Jason Frederick Lambacher continues Voting Rights and Civic Engagement Project with Snohomish County officials
Jason Frederick Lambacher’s American Government BIS 175 class continued work with Snohomish County government officials on a voting rights and civic engagement project through the Office of Connected Learning.
This Community-Engaged Learning and Research project spends the second half of each course working with Snohomish County officials Annie Cole (Chief DEI officer & HR Policy Advisor) and Matthew Pangburn (Elections Manager). With the help of these mentors (and use of Ari Berman’s book Give Us The Ballot and The Brennan Center for Justice’s Voting Rights Tracker), students work on voting rights projects that highlight changes in selected state election laws that make it more difficult for people to vote, analyze proposed federal responses such as the For the People Act and the John Lewis Voting Rights Act, and explore reasons why voter turnout tends to be low across the country, with some communities in Washington State, and amongst young people. Students also discuss ways to optimize electoral systems to be more inclusive and increase engagement by young people in civic affairs and politics.

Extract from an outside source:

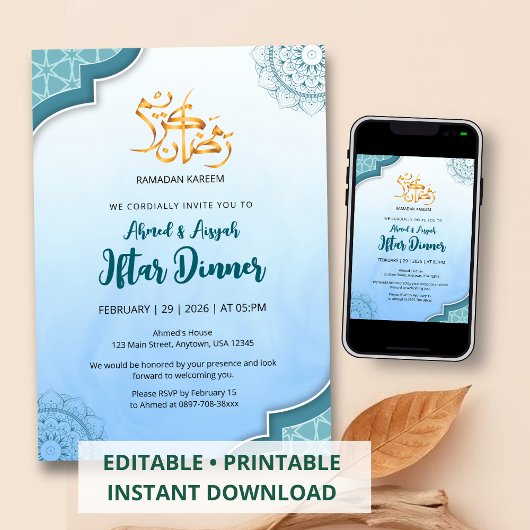 Invitation moderne bleue pour Iftar islamique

The project started in 2019, with Annie Cole and Matthew Pangburn joining the effort in the fall of 2021. All reveled in an in-person experience of culminating presentations after several years of delivery over Zoom. The project will continue in Winter of 2024 as it gears up for the 2024 national election cycle, which is, gulp, right around the corner. If the election of 2020 is any guide, voter access and public confidence in election integrity will be central to the 2024 campaign. Our class project prepares students to understand the importance of voting rights and the basics of how elections work.